Although winter looms, predictions for the coming regulatory climate according to one consultant show escalating temperatures with little chance of relief.

“Right now the regulatory climate is hot and it's been that way for a while,” said Pam Perdue, chief compliance strategist for Continuity Control, a New Haven, Conn., financial consulting firm.

The regulatory storm is much broader than community financial institutions have faced in the past, Perdue said Wednesday during a Continuity Control webinar, “Enforcement Actions Survey: How to Avoid Being the Next Victim of Increased Regulatory Scrutiny.”

The lightning strike of enforcement actions is affecting a wider range of issues and institutions, including smaller asset-sized ones that may heretofore have operated successfully on a more informal basis. Those days, Perdue said, have passed.

“Regulators from all agencies are showing an increased appetite for enforcement,” said Perdue, a former regulator with the Federal Reserve. “It can happen to you and will only be prevented if you have a rock-solid compliance process already in place.”

Based on third-quarter 2013 data, the FDIC showed the greatest spike in activity among regulators, and especially in comparison to the NCUA, whose activity was limited by comparison. Overall, management issues attracted the largest amount of activity at 30%, but Bank Secrecy Act violations ranked a close second. The third quarter saw cease-and-desist orders issued against two credit unions for BSA violations, a move Perdue said was very unusual.

On Aug. 29, North Dade Community Development Federal Credit Union, located in Miami Gardens, Fla., signed a consent agreement with NCUA, neither admitting nor denying charges of alleged money laundering.
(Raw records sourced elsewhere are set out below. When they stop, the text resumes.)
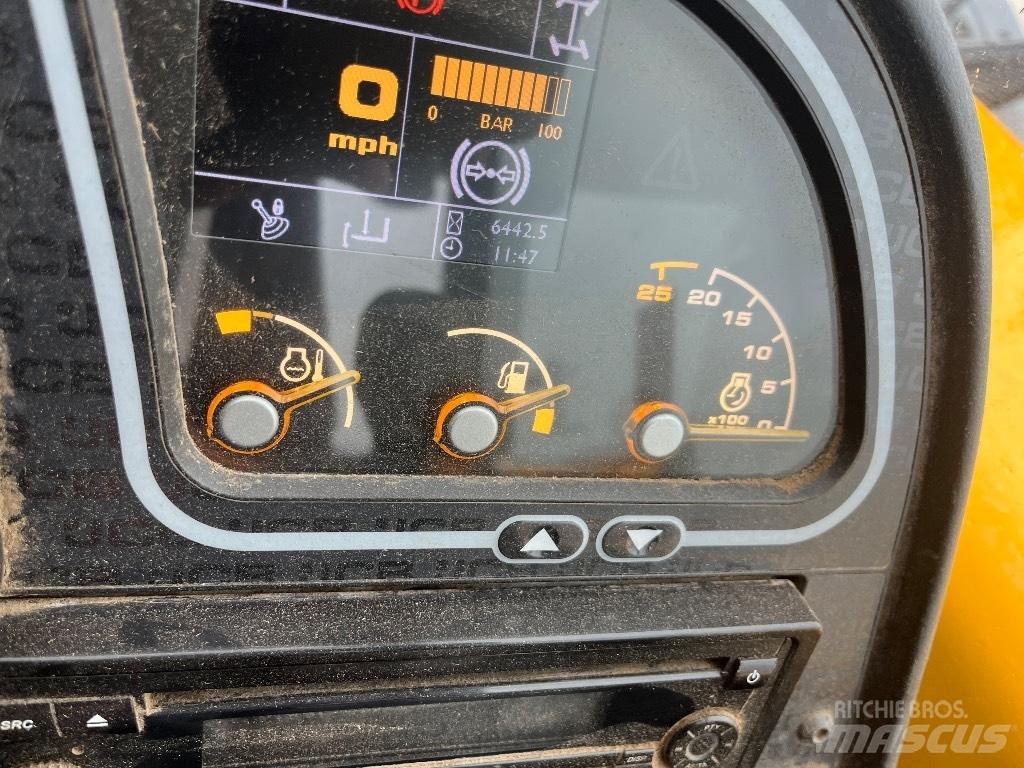 JCB 560-80 Телескопические погрузчики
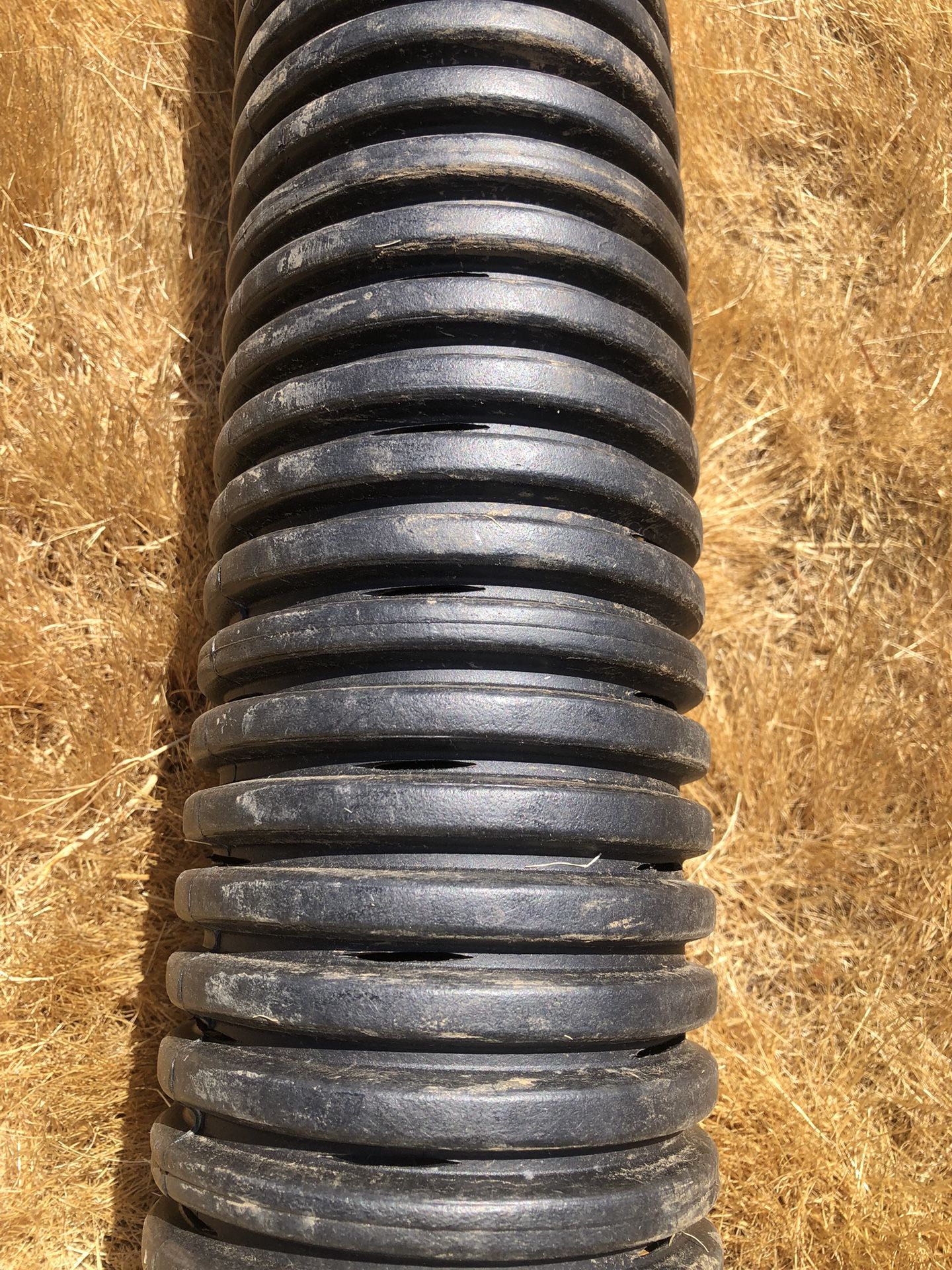 Perforated Corrugated Pipe for Sale in Portland, OR OfferUp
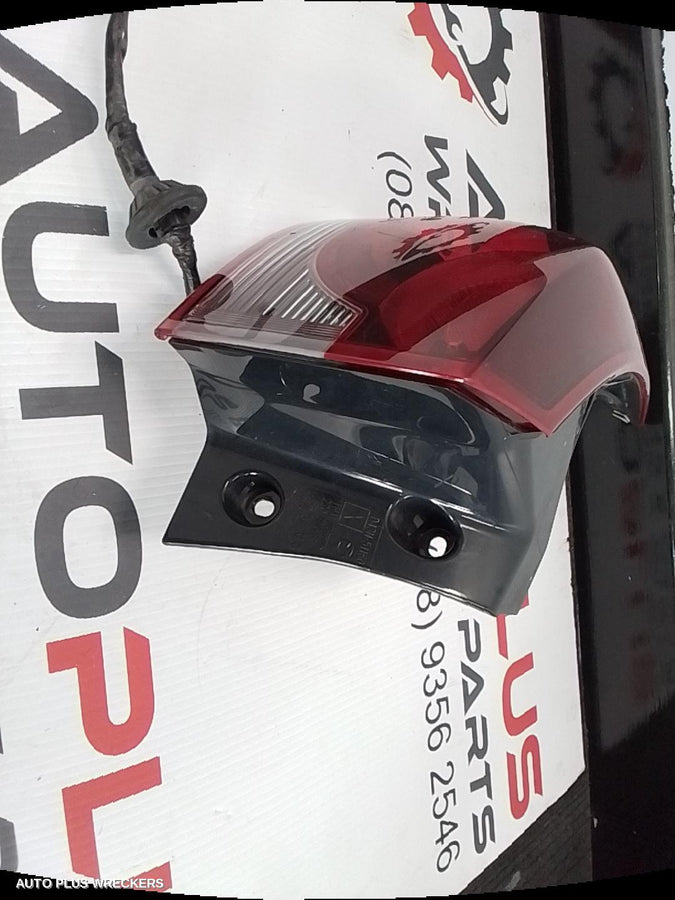 2019-2026 Mazda 2 Left Taillight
The action prohibits the $6 million credit union for having any further business with money service bureaus not part of its field of membership.

On Sept. 24, Bagumbayan Credit Union in Chicago signed a similar consent agreement with the regulator, who found significant issues with the credit union's management. Specifically, the action barred unpaid and untrained individuals from acting on behalf of the tiny credit union, which has $75,000 in assets and one employee.

Both cases focus on very small institutions, supporting Perdue's assertion that size no longer matters, but adherence to formal compliance procedures does. What's more, all regulators offer fair warning when something isn't quite right with a financial institution's compliance methodology.

“It is never a surprise when an institution gets into trouble and enforcement actions are never sudden,” said Perdue. “In more than 80% of all cases declining performance is known to an institution.”